To Understand Injustice, Get Close To It.
By Jerome Davis Growing up I had a passion for basketball and was awarded a scholarship to play at Jackson State University. My lifelong dream was realized when I was offered the opportunity to play professionally in Europe. Then I had a life-changing experience just before I was to leave. I attended a “Call of Justice” symposium in Montgomery, Alabama. The speaker was Bryan Stevenson, author of the book “Just Mercy” which was also made into a movie. He made some strong statements that resonated within me like: “Why do we throw away the broken?” and “Each of us is more than the worse thing we’ve done.” Then Mr. Stevenson made THE statement that altered the direction of my life “to understand injustice and inequity you must get closer to it.” After serving as an Intern for Mr. Stevenson’s Equal Justice Initiative, I moved to Memphis. I wanted to be in an urban location where I could make a difference. I currently work with an organization that assists hundreds of detainees make bail payments who would otherwise not be able to afford to post bail. Mr. Stevenson was right, “getting close” to people and situations has really opened my eyes.

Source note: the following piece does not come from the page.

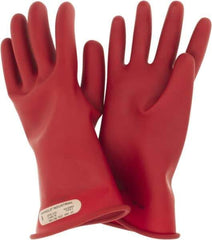 Ansell - Class 00, Size 9, 11" Long, Rubber Lineman's Glove - 2,500 AC Max Use Voltage, 500 AC Test Voltage, Red, ASTM D120 - All Tool & Supply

It is becoming way too common for a youth who enters the traditional Judicial System to remain a victim of the same system that is intended to reform them. When youth are seen and treated as criminals, it is how they come to see themselves and sadly, they naturally follow the course to becoming a criminal. Spending time in the rough environment of jail and being forced to perform demeaning community service tasks is dehumanizing to the soul. They go into survival mode just to endure their sentence. While in this mode they are unable to think about personal growth or improvement…just surviving. This thought process becomes so ingrained in them that too often when they get out, they are still operating in survival mode. Their fate is sealed.
Change the Trajectory
In my experience, youth in trouble are missing something. Something, or a series of things, have happened that caused the youth’s path to veer off in the wrong direction. The Vo-Zone Judicial Program can help change this negative trajectory. Rather than imposing sentences of jail time or demeaning community service, the Vo-Zone Judicial Program is designed to help the accused identify a better path by assigning peer students to provide experiences created to inspire the accused to achieve and maintain positive progress.

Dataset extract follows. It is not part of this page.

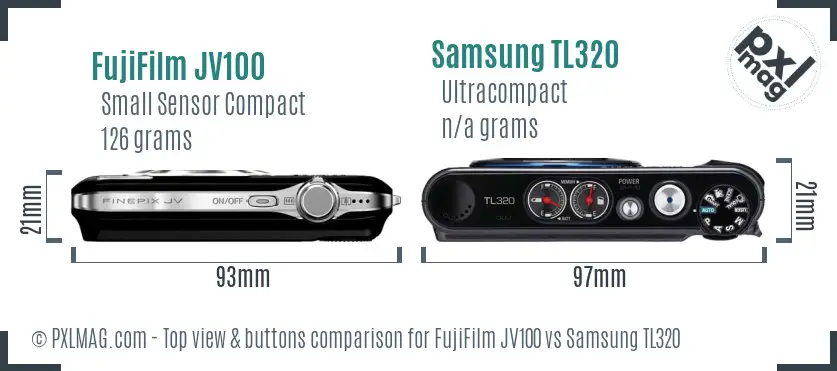 FujiFilm JV100 vs Samsung TL320 top view buttons comparison FujiFilm JV100 vs Samsung TL320 top view buttons comparison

Who would better understand the pressures and negative issues facing at-risk-youth than student peers from similar neighborhoods? For this reason, as soon as an accused youth is brought to a Vo-Zone facility, they are met with an encouraging group of their peers. These paid Student Interns, under the guidance of professional mentors, will serve as the Security Team, Attorneys, Judges and Juries throughout the entire trial process.
New Type of Sentencing
If the accused youth is found guilty in the Vo-Zone’s court room, they are sentenced to time spent in Vo-Zone’s programs. First, the sentenced youth will be assigned a team of paid Student Interns who are trained to guide them through a series of Escape Room type missions. These immersive experiences in the Escape Rooms are strategically designed to discover what is going on in the youth’s life.
As the second component of the sentence, the youth are required to spend time learning about a vocation of their choosing from the many offered. A paid Student-Intern, trained in that particular vocation, will shadow the youth throughout the process to provide support and positive encouragement.
The Vo-Zone’s School of Justice and Law will be an effective way to introduce youth to careers in Justice, Law and Service. The immersive nature of this learning experience will naturally draw them in. As Mr. Stevenson said, “To understand an issue you must be close to it.”